> **Your task**
All lines from the one containing "Used CHANGAN NEVO" to the end of the listing below should be output exactly; omit the pictures.

> **Given data**
# # # # # # #

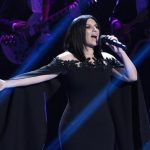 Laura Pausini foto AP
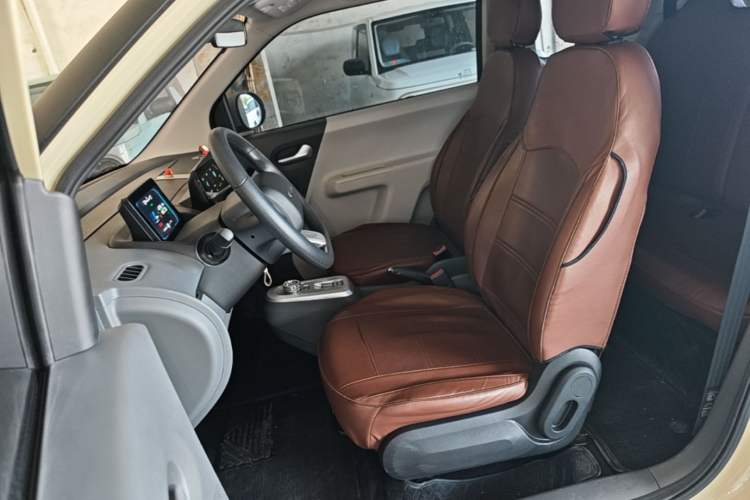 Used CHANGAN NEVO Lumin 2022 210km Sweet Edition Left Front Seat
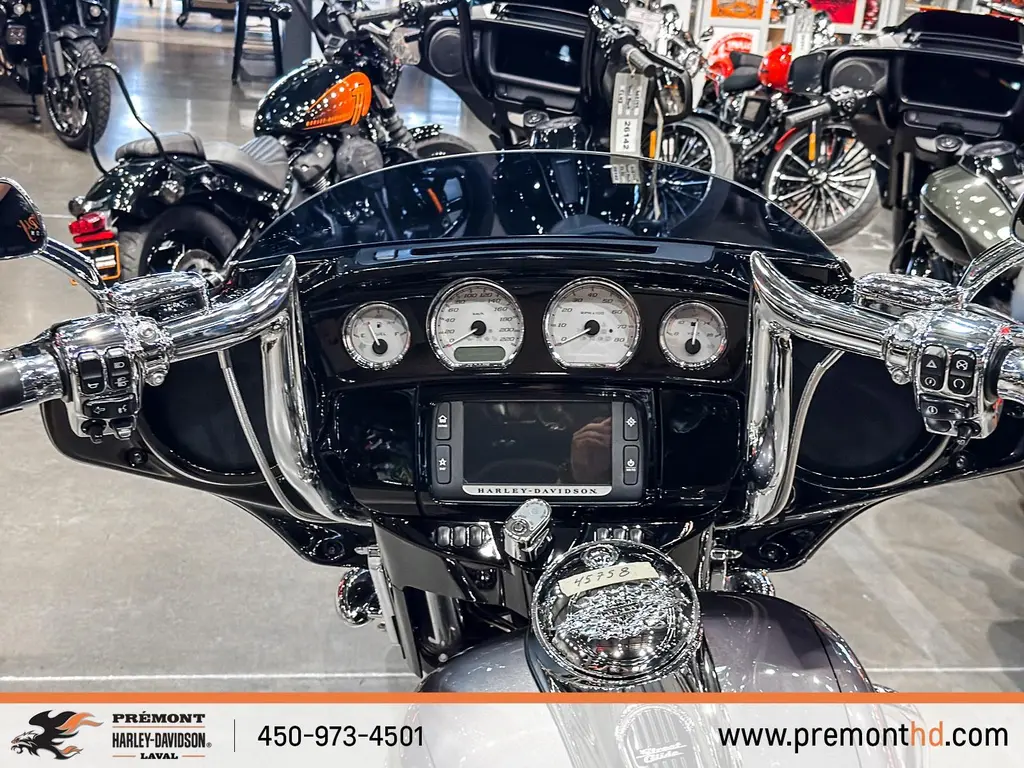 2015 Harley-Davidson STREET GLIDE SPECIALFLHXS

# # # # # # #

> **Answer below**
 Used CHANGAN NEVO Lumin 2022 210km Sweet Edition Left Front Seat
 2015 Harley-Davidson STREET GLIDE SPECIALFLHXS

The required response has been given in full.